Over the last approximately 20 years, research has reported on performance impairments following prolonged durations of static stretching. This has led to a paradigm shift towards dynamic stretching. There has also been a greater emphasis using foam rollers, vibration devices, and other techniques. Recent commentaries and meta-analyses suggest that stretching need not be listed as a fitness component as other activities such as resistance training can provide similar range of motion benefits. The commentary aims to review and compare the effects of static stretching and alternative exercises for improving range of motion.

Introduction

Static stretching was a mainstay for decades for warm-ups before activities, training to increase range of motion (ROM), and rehabilitation from injuries.¹ The popularity of static stretching came into question starting in the late 1990s with research reporting acute static stretching-induced performance (i.e., strength, power, balance, sprint speed) decrements.^1,2 Recent research has elucidated the weakness of these prior studies, including a lack of ecological validity in terms of static stretching durations, testing times, lack of inclusion of dynamic activities within a warm-up, and nocebo effects among others.^1,2 Static stretching produces trivial effects on subsequent performance when less than 60 seconds of stretching per muscle group is incorporated into warm-ups that included dynamic activities.^1,2

Static stretching has recently taken another hit, with commentaries^3,4 suggesting that stretching need not be incorporated as a fitness component like training for muscle strength and endurance, cardiorespiratory endurance, or body composition since activities such as resistance training, foam rolling, and local vibration can similarly increase flexibility. Though static stretching has fallen out of favour as a warmup activity, it still has merit as a means to increase ROM.
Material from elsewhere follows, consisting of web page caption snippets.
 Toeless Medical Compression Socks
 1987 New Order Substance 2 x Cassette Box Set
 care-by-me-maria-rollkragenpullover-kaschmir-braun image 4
While the popularity of static stretching has diminished, the implementation of dynamic stretching during warm-ups has increased.^1,2 Our recent meta-analysis⁵ reported no significant differences between static stretching, dynamic stretching, and proprioceptive neuromuscular facilitation (PNF) for increasing ROM. There were also no significant differences between stretching at higher or lower intensities. Therefore, though dynamic stretching may be an important warm-up component, it does not offer improvements over static stretching for increasing ROM.

Furthermore, the advent of new techniques to increase ROM does not necessarily mean that these alternative methods are better. Therefore, this perspective aims to expound on these alternatives.

Resistance Training Effects on Range of Motion

Although it has been known for centuries that resistance training can improve muscle strength, power, and endurance, our recent meta-analysis documented that resistance training (free weights, machines, Pilates, but not calisthenics) can provide similar ROM increases as static stretching.⁶ Subgroup analyses found that “untrained and sedentary” individuals had significantly higher, large magnitude ROM improvements than the small increases with “trained or active people”. Since resistance training can provide moderate magnitude improvements in ROM, stretching before or after resistance training may not be necessary.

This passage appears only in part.